Какое тогда по счету ранение было у него? Разберемся. Три тяжелых, парочка легких, общим счетом — пяток. Да, пяток, хотя Воронков имел еще одно ранение: в лагере для военнопленных часовой врезал ему затыльником автомата промеж лопаток, перебил кость. Он выжил, пусть ранение и было тяжкое, едва не стоившее увечья. Выжил, вынес. Но ранение заполучил в плену, стало быть, позорное, унизительное, и потому-то Воронков не считал его. Исключал из общего счета. Оно было вроде бы недействительно. И вообще, то, что с Воронковым, беспомощным, жалким и опозоренным, происходило в плену, — надлежало не вспоминать. Впрочем, и забвению плен не подлежал.
Оксане в руки он попал с предпоследним — легким — ранением. Легким — относительно: пробиты осколками обе руки, правда, кости не задеты, крови, однако, потерял много. Пока нашли его у подножия высоты, в тальнике, пока санитары выносили на носилках, пока подвода довезла до санроты, — подыстек кровью.

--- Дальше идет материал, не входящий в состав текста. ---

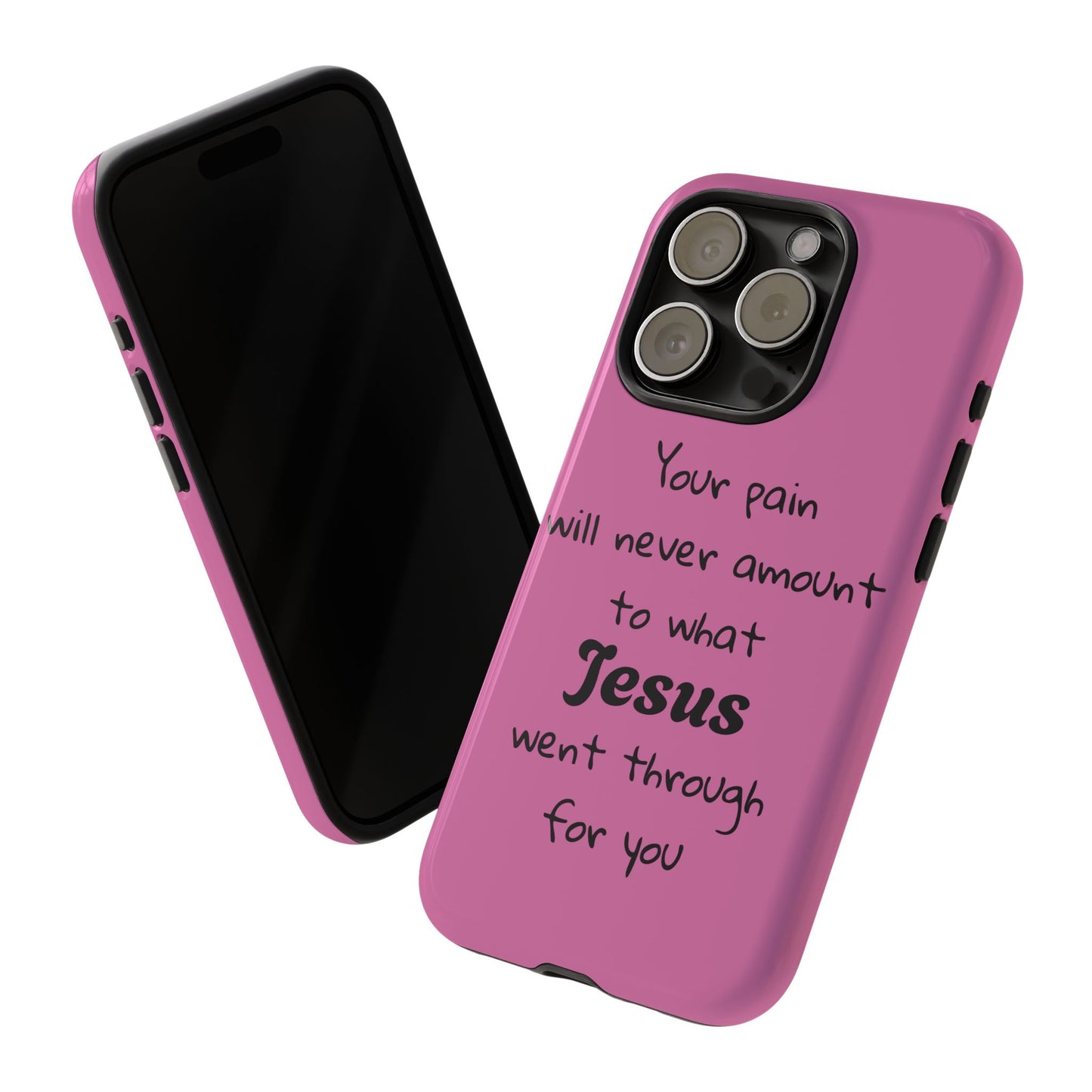 Your Pain Will Never Amount To What Jesus Went Through For You Phone Case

Руки ее были мягкие и прохладные — прохладными они казались, быть может, оттого, что у него держалась порядочная температура, и прикосновение женских пальцев словно остужало его. До поры, до времени остужало. А в один, как говаривалось в старину, прекрасный день ее пальцы ощутились как горячие и беспокойные. Она кормила его с ложечки, потчевала лекарствами, перестилала постель, помогала умыться, снять и надеть нижнюю рубаху, причесаться. Более деликатную помощь, связанную с кальсонами, с «уткой», Воронков отвергал, прибегая к услугам соседа по койке Васи-одессита (почему-то встречавшиеся Воронкову ребята родом из Одессы непременно именовались: Жора-одессит, Петька-одессит, Славка-одессит, но никогда чтобы — Миша-ленинградец или Колька-иркутянин, — славный черноморский город излучал необоримую, что ли, магию).
Вася-одессит и сказал-то Воронкову:
— Шурик, а ведь Ксаночка положила на тебя глаз!
— Что? — не понял Воронков.
— Глаз, говорю, на тебя Ксаночка положила!
Воронков пожал плечами, но смутился. До этого он равнодушно, скучно наблюдал, как любезничают, заигрывают с Оксаной разворотливые ранбольные, Вася-одессит в том числе, а тут вдруг осенило: что-то сдвинулось, изменилось в его отношении к доброй, симпатичной и красивой девахе, и что-то в ней самой переменилось. Что в нем и что в ней? С радостью и страхом почувствовал: в них сместилось одно и то же, в каждом родилось общее, которое ведет к сближению. Или это самообман, глупые фантазии Сани Воронкова?